The introduction of regulation will not only help to ensure that current heat network consumers have more protection, but also help to create the conditions for the market to safely and successfully grow to meet Scotland’s heat demand. The Scottish Government have committed to an ambitious rollout of heat networks in Scotland over the coming years.[1] Heat networks could play a significant role in Scotland’s journey to decarbonise home heating. Recent research by Consumer Scotland shows that consumers want to play their part to support Scotland achieving net zero but that they also need additional support and guidance to do this.[2] The introduction of consumer protection; coupled with the introduction of the Scottish licensing regime will help to ensure a safe and consistent rollout of heat networks and safeguard both current and future heat networks consumers by implementing consistent standards and levels of service. Regulation should serve to ensure that consumers have similar levels of protection to the gas and electricity market, but also provide the opportunity to innovate to protect consumers.

The introduction of the regulatory regime will create a new role for Consumer Scotland, as statutory advocate for heat networks consumers in Scotland. As we shape and develop this function, we will continue to work closely with the Scottish Government, Ofgem and DESNZ to understand how Consumer Scotland can effectively contribute to the new regulatory regime and support better outcomes for consumers.

We will take on a coordinating role across the Scottish consumer landscape to enable us to effectively deliver this multifaceted new role. We will also work in partnership with Citizens Advice who will take on a similar role for consumers in England and Wales with the aim of ensuring that consumers receive parity of service across Great Britain. Achieving the best outcomes for heat network consumers will be dependent on both Consumer Scotland and Citizens Advice being properly resourced and funded to deliver our respective roles.

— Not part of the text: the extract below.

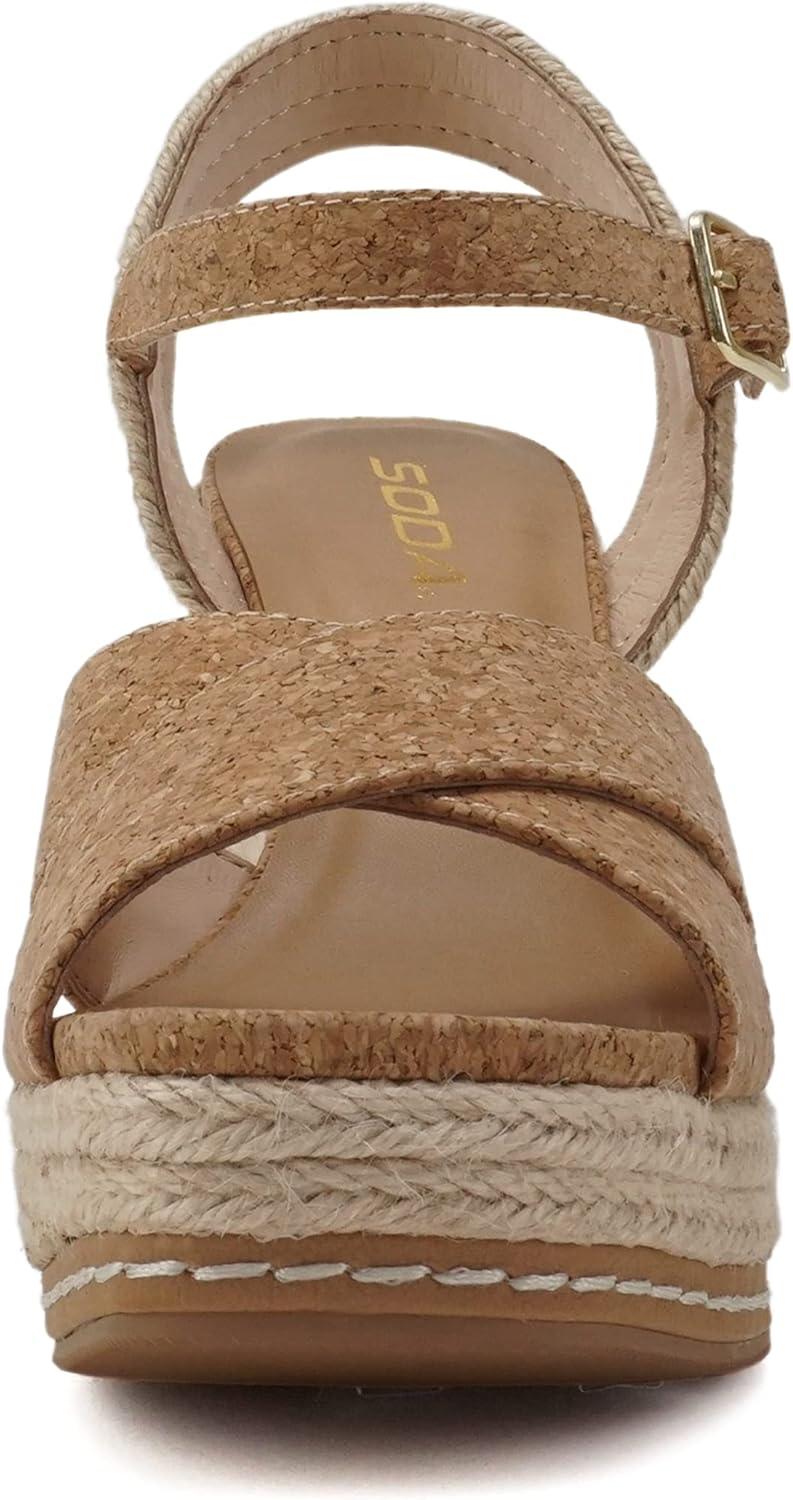 imageSoda MELANY  Women Open Toe Crisscross Two Bands Upper Ankle Strap High Heel Espadrille Wedge SandalNatural Cork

Consumer Scotland is supportive of the introduction of the consumer protection measures outlined in the consultation and recognise the important role these measures will play to shape the market and ensure that consumers benefit from heat networks. We have not responded to every question outlined in the consultation but have responded where we can add value through our expertise.

Scope of Regulation

Q1. Do you agree with the scope outlined in this section and which networks the regulatory requirements should apply to? Please provide views and evidence to support your position where you can.

Consumer Scotland is broadly supportive of the scope of regulation as set out in the consultation. In reviewing the proposals, we are content that consumer protection measures will be extended to all domestic consumers and microbusinesses through the regulatory regime.

Q2. Do you agree with our proposed activity definitions for heat supplier and heat network operator and our assumptions around the organisation of district and communal networks?

We agree and accept the definitions for heat suppliers and network operators in the consultation. It is important to ensure that terminology is clear and consistent for consumers to understand, particularly definitions for the elements of the new regime which are consumer facing. We also broadly agree with the assumptions around the organisation of both district and communal networks.

Q4. Do you consider that our approach to regulation is suitable for the large number of small networks in the sector?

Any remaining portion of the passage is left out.